A smart grid is an electricity network or grid that uses digital technology to intelligently respond and adapt to changes within that network. Smart grids are widely viewed as an opportunity to move energy infrastructure forward and unlock greater reliability, efficiency and cost-effectiveness.
A smart grid will typically incorporate a number of different common elements. The first of these is advanced metering infrastructure, which gives them their commonly used name: smart meters. These are often accompanied by controls and demand response capabilities that are behind the meter in the case of utility smart grids.
Additionally, smart grids will incorporate distributed generation, typically spread across a large number of small-scale power producers. A range of technologies can be incorporated into a smart grid to provide multiple energy vectors, such as solar and wind providing electricity or heat pumps and biomass providing heat. Intelligent monitoring and controls allow this mix of generation to be used effectively across a number of different sites and end users, dynamically balancing available supply with demand.

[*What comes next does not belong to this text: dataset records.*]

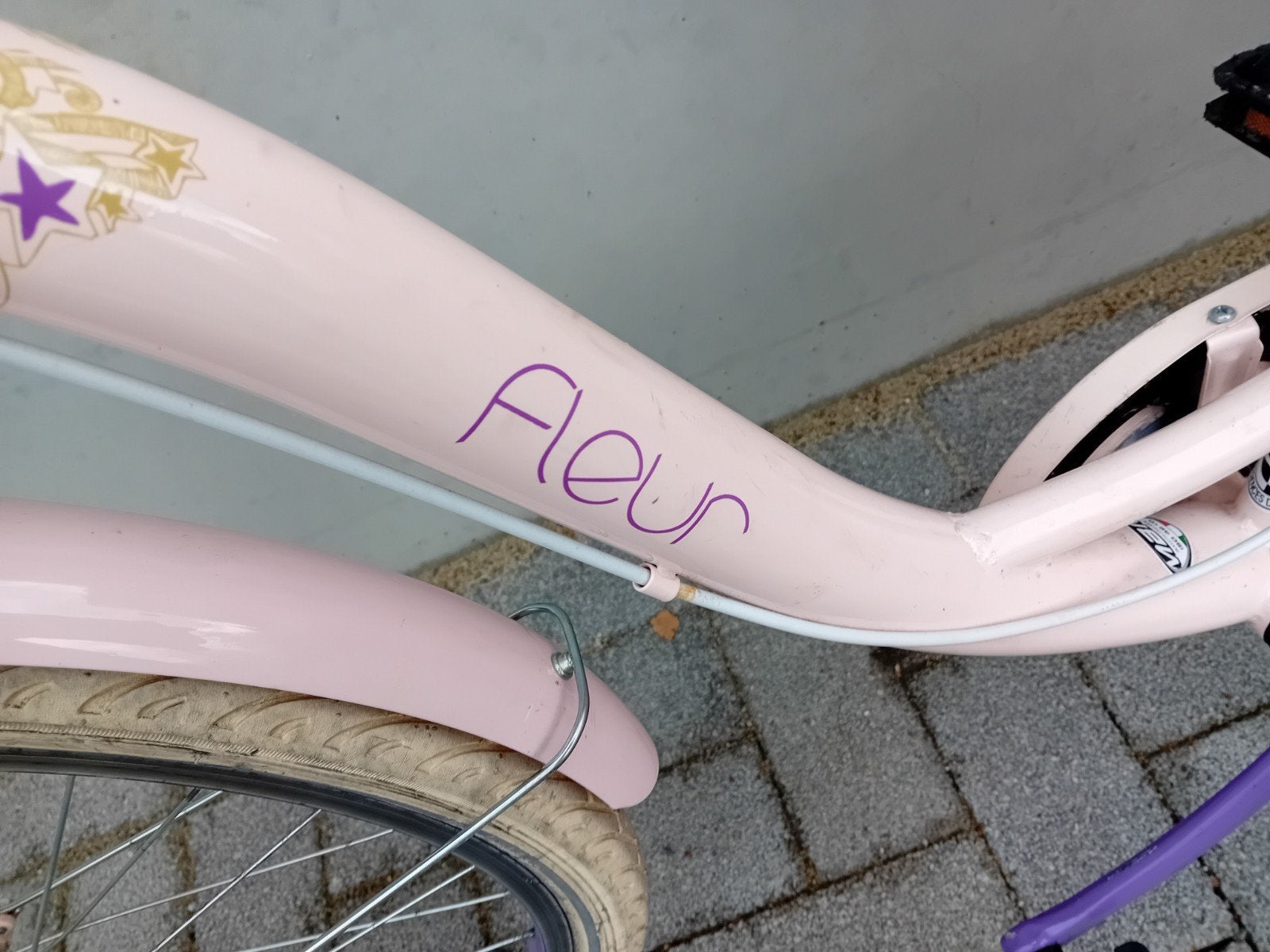 Vélo MBM Fleur 24 pouces 6 vitesses pour fille NOUVEAU PRIX, Vélos & Vélomoteurs, Enlèvement, Comme neuf, Frein sur jante, Oxford Sparta Batavus Norta gazelle Granville Sparta cube trek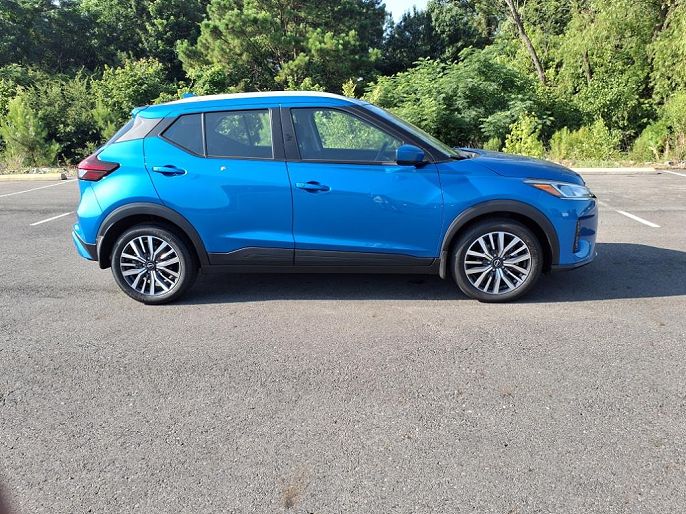 2023 Nissan Kicks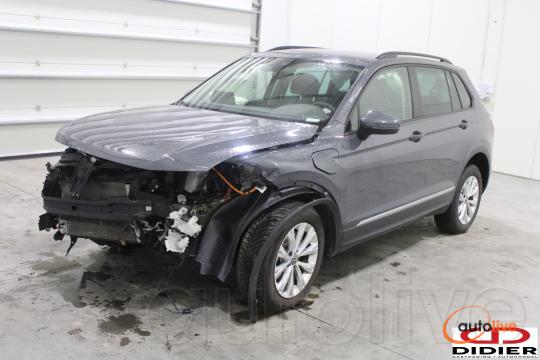 VOLKSWAGEN TIGUAN - 1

Typically, generation technology will be supplemented by storage, usually battery energy storage systems (BESS). The ability to store electricity reliably opens up much greater efficiency across a smart grid, allowing excess generation to be stored and more easily balancing demand across multiple end-users. In the case of smart microgrids, batteries increasingly form the centre of the grid and are typically accompanied by sophisticated energy management software that monitors other aspects of the smart grid and intelligently manages their operation. For larger, utility-scale smart grids, storage continues to occupy a key role, storing generated energy as well as allowing end users to better engage with the smart grid, pushing and pulling electricity as required rather than being passive bill payers.
Lastly, smart grids require sufficient digital communication infrastructure to allow the different elements of the grid to be connected, monitored and controlled in real-time. Smart grids are part of the wider ‘Internet of Things’ technology concept, where increasing amounts of equipment and infrastructure has communication capabilities and is interlinked. This provides utility providers and end users alike far greater insight and access to data, as well as being able to dynamically monitor and control equipment across a grid from a central location.
Smart grids help to reduce energy consumption and costs through intelligent application of data. This includes more accurate preventative maintenance and greater energy efficiency by using data to identify areas of improvement. Integrating various green energy technologies also makes smart grids cleaner, while reduced outages and lower costs through smart monitoring also offers lower energy costs.